## Supplied records
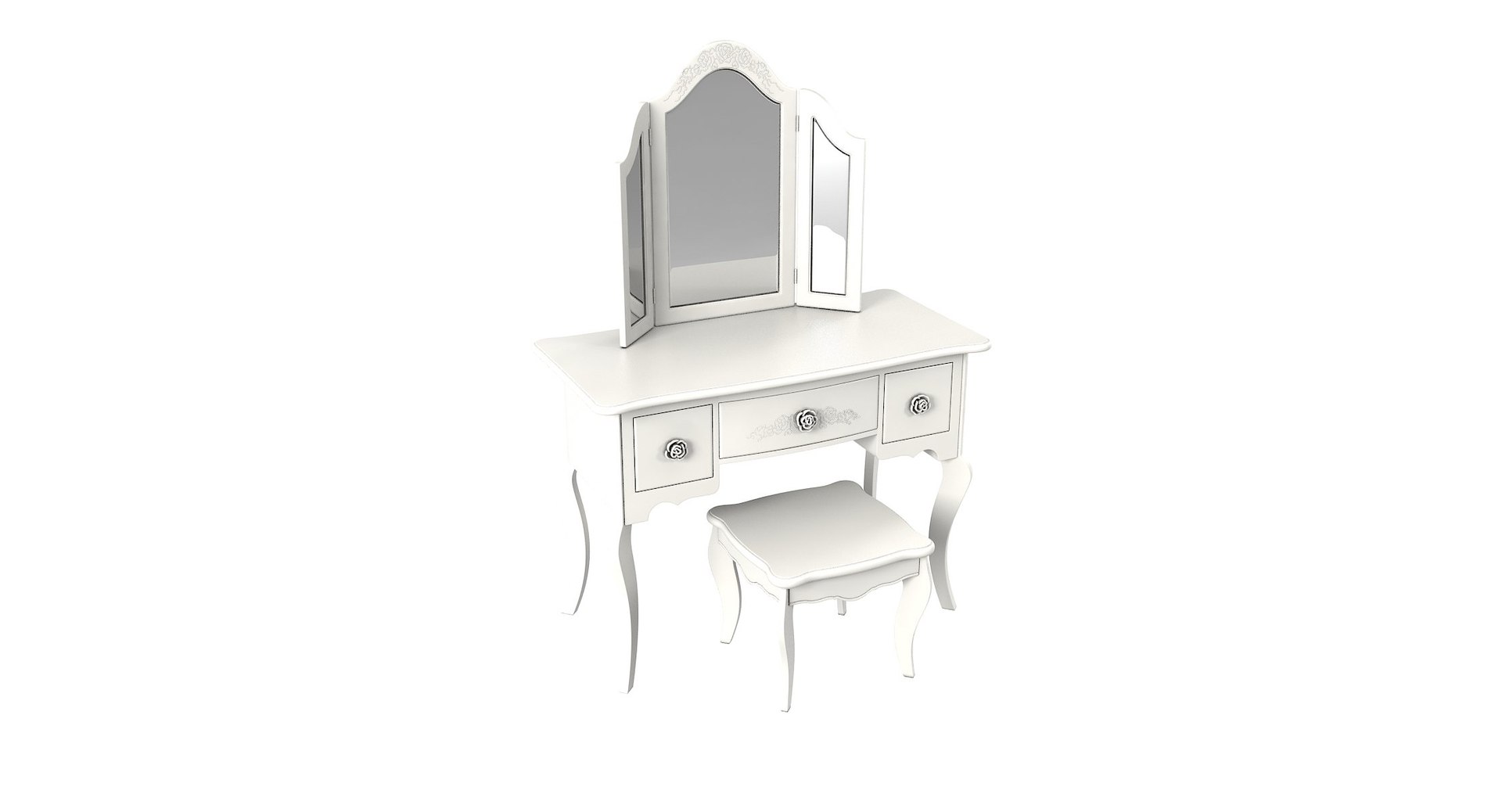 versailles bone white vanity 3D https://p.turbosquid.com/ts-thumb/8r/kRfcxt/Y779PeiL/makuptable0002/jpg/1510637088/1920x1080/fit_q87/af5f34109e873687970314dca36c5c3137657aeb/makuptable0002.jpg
* * *
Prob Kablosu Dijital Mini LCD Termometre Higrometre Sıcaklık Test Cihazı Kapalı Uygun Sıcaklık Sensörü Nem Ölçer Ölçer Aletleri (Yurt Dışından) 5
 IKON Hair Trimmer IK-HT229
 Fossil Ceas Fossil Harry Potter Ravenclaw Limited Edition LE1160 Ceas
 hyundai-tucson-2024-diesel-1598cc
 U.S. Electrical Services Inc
--
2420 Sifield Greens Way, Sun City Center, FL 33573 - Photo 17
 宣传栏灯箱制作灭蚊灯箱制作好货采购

## What the task asks
Using the entries above, give back exactly the line containing "IKON Hair Trimmer IK-HT229", the line containing "U.S. Electrical Services Inc", and every line between them, and nothing else.

## Solution to the exercise
 IKON Hair Trimmer IK-HT229
 Fossil Ceas Fossil Harry Potter Ravenclaw Limited Edition LE1160 Ceas
 hyundai-tucson-2024-diesel-1598cc
 U.S. Electrical Services Inc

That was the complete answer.